Er wusste, dass er keinen galanten Abschied hingelegt hatte, aber für das was er vorhatte, war nicht eine Sekunde Zeit zu verlieren. Im Schankraum riss er den Kutscher unsanft vom Stuhl, warf dem Wirt eine Münze hin und gab dem seinem Bediensteten im Hinausgehen nur eine knapp gehaltene Erklärung ab. Auf dem Rückweg nach Pemberley entschuldigte er sich bei dem armen Kutscher jedoch für den ruppigen Aufbruch aus dem Inn. Dann gab er sich wieder seinen Gedanken hin, rasch hatte er bereits einen ersten Plan ausgearbeitet.
In Pemberley ließ er sofort Mrs. Reynolds die betreffende Dienerschaft wecken, es musste gepackt und die bequeme Reisekutsche fertig gemacht und angespannt werden. Georgiana kam ihm mit fragendem Blick entgegen. Er zog sie schnell aus der Halle in den Salon, schloss die Tür. Er hielt sie mit Bestimmtheit, aber nicht grob an den Handgelenken fest.
„Was um Himmels willen ist denn los, Fitzwilliam?“ fragte sie. „Ist etwas mit Miss Bennet, hast du deswegen den halben Haushalt aufgescheucht?“
„Über den heutigen Nachmittag und Abend sprechen wir bei anderer Gelegenheit“, versuchte Fitzwilliam Darcy streng mit seiner Schwester zu sein, was ihm trotz der üblen anderen Nachricht, die weiterhin sein Denken bestimmte, aber nicht ganz gelang, „ich muss nämlich dringend und sofort nach London!“
Er wollte schon die Tür aufreißen und rausstürmen, aber Georgiana hielt ihn schnell am Ärmel fest.

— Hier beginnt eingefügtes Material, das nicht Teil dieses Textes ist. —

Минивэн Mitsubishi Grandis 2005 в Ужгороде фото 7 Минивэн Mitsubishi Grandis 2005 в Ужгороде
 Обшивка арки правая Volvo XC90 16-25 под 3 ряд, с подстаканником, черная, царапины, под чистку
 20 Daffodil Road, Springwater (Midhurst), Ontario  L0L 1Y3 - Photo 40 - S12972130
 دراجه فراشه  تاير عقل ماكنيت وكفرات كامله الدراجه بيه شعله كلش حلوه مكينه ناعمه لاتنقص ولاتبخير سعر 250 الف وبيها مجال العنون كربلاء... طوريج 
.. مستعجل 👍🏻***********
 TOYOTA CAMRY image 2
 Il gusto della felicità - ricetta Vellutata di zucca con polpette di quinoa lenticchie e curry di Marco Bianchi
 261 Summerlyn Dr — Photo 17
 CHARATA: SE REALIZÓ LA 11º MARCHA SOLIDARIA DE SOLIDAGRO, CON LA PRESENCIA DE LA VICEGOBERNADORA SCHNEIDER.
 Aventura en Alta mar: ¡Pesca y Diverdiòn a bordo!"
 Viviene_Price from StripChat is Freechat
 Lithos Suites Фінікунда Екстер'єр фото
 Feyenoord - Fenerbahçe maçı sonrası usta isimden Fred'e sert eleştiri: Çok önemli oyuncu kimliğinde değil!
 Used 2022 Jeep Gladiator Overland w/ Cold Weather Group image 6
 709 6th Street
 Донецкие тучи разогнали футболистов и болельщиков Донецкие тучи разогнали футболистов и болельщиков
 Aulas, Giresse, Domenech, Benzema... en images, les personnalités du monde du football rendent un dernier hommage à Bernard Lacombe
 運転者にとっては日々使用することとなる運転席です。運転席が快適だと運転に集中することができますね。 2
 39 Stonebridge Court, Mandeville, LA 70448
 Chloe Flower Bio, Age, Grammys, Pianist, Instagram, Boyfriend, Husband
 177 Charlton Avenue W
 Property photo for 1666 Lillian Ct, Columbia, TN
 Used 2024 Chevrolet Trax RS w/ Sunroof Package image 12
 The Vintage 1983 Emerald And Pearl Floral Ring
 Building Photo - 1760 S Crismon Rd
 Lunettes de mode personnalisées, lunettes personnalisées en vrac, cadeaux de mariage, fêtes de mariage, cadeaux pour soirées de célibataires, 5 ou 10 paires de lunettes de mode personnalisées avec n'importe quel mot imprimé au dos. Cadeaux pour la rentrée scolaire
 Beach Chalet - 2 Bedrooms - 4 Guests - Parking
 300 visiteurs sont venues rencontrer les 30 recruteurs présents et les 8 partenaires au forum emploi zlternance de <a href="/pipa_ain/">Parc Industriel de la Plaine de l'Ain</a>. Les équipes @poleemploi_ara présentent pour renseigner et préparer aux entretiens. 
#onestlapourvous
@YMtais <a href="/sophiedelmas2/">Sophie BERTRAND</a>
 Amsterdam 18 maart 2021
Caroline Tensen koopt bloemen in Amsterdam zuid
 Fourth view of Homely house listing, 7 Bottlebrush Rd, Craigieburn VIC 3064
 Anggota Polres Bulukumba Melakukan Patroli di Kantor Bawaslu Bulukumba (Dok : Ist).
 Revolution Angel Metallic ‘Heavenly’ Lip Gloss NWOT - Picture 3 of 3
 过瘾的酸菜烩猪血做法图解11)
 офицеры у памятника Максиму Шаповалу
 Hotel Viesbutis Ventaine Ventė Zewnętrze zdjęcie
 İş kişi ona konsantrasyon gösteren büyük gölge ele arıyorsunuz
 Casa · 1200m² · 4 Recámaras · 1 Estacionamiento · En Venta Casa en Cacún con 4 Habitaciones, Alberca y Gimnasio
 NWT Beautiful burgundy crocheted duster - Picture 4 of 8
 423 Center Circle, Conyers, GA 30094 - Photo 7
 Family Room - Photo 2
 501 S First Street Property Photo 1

„Bitte, sag mir, was geschehen ist und vor allen Dingen, wie du mit Miss Bennet verblieben bist.“
„Ich kann dir gerne mitteilen, wie ich mit Miss Bennet verblieben bin, da du sowieso nicht eher Ruhe gibst“, antwortete er schnell. „Also, um es kurz zu machen, mir läuft nämlich die Zeit weg, ich habe alles auf eine Karte gesetzt, hätte auch fast gewonnen, aber in letzter Minute hat ein anderer einen äußerst fragwürdigen Trumpf ausgespielt und damit das ganze Spiel zerstört. Genügt das an Information, Miss Naseweis?“
„Nur eine Frage noch, Bruder. Wer hat falsch gespielt? Da komme ich nicht ganz mit. Und verstehe ich richtig, dass du dich Miss Bennet gegenüber erklärt hast?“
Ihr Bruder blickte zur Salondecke.
„Nein, ich habe ihr keinen Antrag gemacht, aber es war kurz davor. Wäre das andere Ereignis nicht eingetreten, wäre es vielleicht noch dazu gekommen. Es spielt auch keine Rolle jetzt, egal. Und ich bitte dich, Georgiana, reg dich jetzt nicht auf, aber da du es ja unbedingt wissen willst: Dieser Dreckskerl – entschuldige bitte, aber ich kann mich diesbezüglich wahrlich nicht beherrschen – also, dieser Schuft von Wickham hat ihre jüngste Schwester aus Brighton mit nach London genommen und… ach was, ich kann dich auf ewig schonen - er hat sie entehrt!“
Georgiana sank auf einen Stuhl neben der Tür.
„Mein Gott, jetzt verstehe ich deine Aufgebrachtheit. Was wirst du in London tun?“
„Was wohl“, entgegnete er knapp, halb schon in der offenen Tür stehend, „ich werde ihn finden, oh ja, bei Gott das werde ich und dann gnade ihm Gott! Ich werde ihn dazu bringen, Lydia zu heiraten, damit die Schande und der Skandal für die Bennets so gering wie möglich gehalten werden kann.“
Georgiana schickte ihrem Bruder einen letzten, faszinierten Blick hinterher.
„Du muss Elizabeth wirklich sehr lieben.“
Er zeigte sein Gesicht noch einmal im Türrahmen.
„Mehr als mein Leben“, antwortete er schlicht und verschwand.
Georgiana brach in Tränen aus, teils aus Schock über das ihr soeben Offenbarte, aber zum allergrößten Teil aus Freude, aus sehr, sehr großer Freude.